The results improved somewhat but were still not the final desired outcome. At this point, we wondered if we could utilize the definition of statistics to fit the distribution of our samples. We attempted to use the fit method in Python to fit the pixel coordinates and corresponding grayscale values of our images. We used several samples for fitting, and the vast majority of the samples conformed to a log-normal distribution. Therefore, we attempted to use a log-normal distribution for threshold segmentation. However, calculating the upper threshold of the log-normal distribution easily leads to infinite values, making it impossible to capture bright spots.

distributions = [
stats.norm,
stats.gamma,
stats.lognorm,
stats.beta,
stats.weibull_min
]

best_distribution = None
best_params = None
best_sse = np.inf

for distribution in distributions:
try:
with warnings.catch_warnings():
warnings.simplefilter("ignore")
params = distribution.fit(pixel_values)
arg = params[:-2]
loc = params[-2]
scale = params[-1]

if scale == 0:
continue

x = np.linspace(np.min(pixel_values), np.max(pixel_values), 100)
pdf = distribution.pdf(x, *arg, loc=loc, scale=scale)

hist, bin_edges = np.histogram(pixel_values, bins=100, density=True)

sse = np.sum((hist - pdf)**2)

if sse < best_sse:
best_distribution = distribution
best_params = params
best_sse = sse
except Exception as e:
print(f"Error fitting {distribution.name}: {str(e)}")
continue

if best_distribution:
print(f"Best fitting distribution: {best_distribution.name}")
else:
print("No distribution could be fitted successfully.")

We consulted relevant materials and found that the log-normal distribution is very similar to the normal distribution, with the distribution shape being quite alike.

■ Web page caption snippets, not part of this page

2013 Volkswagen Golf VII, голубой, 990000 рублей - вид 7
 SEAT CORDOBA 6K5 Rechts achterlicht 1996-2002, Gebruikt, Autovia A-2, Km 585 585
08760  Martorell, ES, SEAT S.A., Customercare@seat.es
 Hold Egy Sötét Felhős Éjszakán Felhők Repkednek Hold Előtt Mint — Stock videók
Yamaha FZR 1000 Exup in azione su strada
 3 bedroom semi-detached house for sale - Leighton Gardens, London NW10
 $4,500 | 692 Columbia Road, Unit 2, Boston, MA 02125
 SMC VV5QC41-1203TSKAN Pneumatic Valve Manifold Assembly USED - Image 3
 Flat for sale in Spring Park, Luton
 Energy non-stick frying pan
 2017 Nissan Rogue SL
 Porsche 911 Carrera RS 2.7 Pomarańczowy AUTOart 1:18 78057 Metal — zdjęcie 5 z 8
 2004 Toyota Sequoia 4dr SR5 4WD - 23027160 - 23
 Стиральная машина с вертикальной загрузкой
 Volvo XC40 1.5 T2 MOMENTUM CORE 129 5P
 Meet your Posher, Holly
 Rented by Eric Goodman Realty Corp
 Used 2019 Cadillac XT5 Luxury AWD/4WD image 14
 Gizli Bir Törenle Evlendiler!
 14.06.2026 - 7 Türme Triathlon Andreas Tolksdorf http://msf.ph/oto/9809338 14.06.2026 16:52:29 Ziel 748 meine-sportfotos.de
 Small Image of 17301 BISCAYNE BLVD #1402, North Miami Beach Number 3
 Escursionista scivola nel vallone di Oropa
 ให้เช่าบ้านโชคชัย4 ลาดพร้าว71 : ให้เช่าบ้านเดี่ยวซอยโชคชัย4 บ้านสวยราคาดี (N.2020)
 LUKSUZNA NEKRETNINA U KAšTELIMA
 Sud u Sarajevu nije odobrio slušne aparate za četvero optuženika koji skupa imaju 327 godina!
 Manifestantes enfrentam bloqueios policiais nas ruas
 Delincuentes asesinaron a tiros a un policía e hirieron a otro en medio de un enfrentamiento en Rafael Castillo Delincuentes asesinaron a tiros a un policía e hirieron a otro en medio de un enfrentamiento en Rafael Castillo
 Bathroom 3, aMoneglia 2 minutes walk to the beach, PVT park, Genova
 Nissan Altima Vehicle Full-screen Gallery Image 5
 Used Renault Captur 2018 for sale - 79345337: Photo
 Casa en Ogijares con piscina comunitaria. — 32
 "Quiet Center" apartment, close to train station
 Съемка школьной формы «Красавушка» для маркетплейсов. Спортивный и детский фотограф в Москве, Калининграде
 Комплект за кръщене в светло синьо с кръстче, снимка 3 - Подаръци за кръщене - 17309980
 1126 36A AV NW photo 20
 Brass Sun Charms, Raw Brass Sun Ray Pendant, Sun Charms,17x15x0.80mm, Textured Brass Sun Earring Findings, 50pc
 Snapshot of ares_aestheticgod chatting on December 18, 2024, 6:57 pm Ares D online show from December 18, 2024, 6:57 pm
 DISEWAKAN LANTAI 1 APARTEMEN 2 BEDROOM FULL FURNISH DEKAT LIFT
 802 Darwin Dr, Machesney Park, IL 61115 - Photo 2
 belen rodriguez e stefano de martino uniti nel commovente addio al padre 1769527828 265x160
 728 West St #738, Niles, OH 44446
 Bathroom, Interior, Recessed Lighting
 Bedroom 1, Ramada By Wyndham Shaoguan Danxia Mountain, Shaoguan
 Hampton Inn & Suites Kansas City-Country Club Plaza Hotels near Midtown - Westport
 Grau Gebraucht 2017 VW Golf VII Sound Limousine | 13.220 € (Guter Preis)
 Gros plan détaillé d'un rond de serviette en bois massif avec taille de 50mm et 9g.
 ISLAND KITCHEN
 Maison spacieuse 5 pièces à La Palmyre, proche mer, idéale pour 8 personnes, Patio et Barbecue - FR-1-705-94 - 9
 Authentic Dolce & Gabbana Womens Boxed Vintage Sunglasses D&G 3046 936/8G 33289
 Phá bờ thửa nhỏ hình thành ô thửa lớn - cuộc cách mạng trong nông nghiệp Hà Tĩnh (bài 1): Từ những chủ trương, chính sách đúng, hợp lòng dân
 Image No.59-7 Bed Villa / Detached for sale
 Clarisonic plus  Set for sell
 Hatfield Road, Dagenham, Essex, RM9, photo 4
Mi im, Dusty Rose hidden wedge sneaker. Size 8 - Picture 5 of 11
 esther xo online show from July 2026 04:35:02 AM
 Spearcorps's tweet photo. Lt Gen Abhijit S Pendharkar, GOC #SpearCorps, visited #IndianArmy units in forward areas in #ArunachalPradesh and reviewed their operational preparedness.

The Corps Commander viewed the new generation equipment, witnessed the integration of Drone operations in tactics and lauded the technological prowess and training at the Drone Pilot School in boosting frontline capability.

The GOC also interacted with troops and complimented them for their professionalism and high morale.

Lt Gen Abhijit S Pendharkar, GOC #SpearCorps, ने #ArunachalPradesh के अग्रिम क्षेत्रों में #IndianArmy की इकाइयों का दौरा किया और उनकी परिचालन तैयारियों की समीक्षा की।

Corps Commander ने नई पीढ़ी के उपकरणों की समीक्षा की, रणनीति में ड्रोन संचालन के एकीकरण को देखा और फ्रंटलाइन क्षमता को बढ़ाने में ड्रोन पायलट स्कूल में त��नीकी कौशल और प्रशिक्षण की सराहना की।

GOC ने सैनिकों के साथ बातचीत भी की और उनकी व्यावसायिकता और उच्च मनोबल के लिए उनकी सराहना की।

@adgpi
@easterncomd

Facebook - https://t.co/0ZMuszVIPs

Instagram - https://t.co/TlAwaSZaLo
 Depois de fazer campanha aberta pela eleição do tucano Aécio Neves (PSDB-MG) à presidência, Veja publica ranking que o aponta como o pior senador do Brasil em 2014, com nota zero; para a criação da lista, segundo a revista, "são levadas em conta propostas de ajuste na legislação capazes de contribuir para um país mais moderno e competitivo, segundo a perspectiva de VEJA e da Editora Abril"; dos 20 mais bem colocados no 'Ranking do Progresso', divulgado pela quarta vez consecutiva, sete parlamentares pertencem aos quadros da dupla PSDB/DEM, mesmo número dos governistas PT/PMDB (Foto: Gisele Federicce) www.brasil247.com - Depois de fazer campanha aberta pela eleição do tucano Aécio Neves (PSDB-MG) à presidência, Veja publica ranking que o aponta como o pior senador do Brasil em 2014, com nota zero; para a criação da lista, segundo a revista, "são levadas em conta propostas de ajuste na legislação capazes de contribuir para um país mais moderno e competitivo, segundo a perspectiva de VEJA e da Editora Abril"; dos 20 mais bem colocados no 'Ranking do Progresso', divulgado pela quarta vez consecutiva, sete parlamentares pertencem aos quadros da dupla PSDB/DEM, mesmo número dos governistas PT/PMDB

The main difference is that its probability distribution is shifted to the right. Thus, we tried using the confidence interval of the normal distribution to calculate the bright spots, and the results were very good. Especially, setting the confidence interval at 99.994% showed excellent universality for uniformly illuminated images. We set 99.994% as the default confidence interval for processing images.

However, this confidence interval only applies to uniformly illuminated images, is very sensitive to noise, and imposes very high requirements on the precision of the experiments. We need a reasonable confidence interval that should be independently applicable to each experimental design.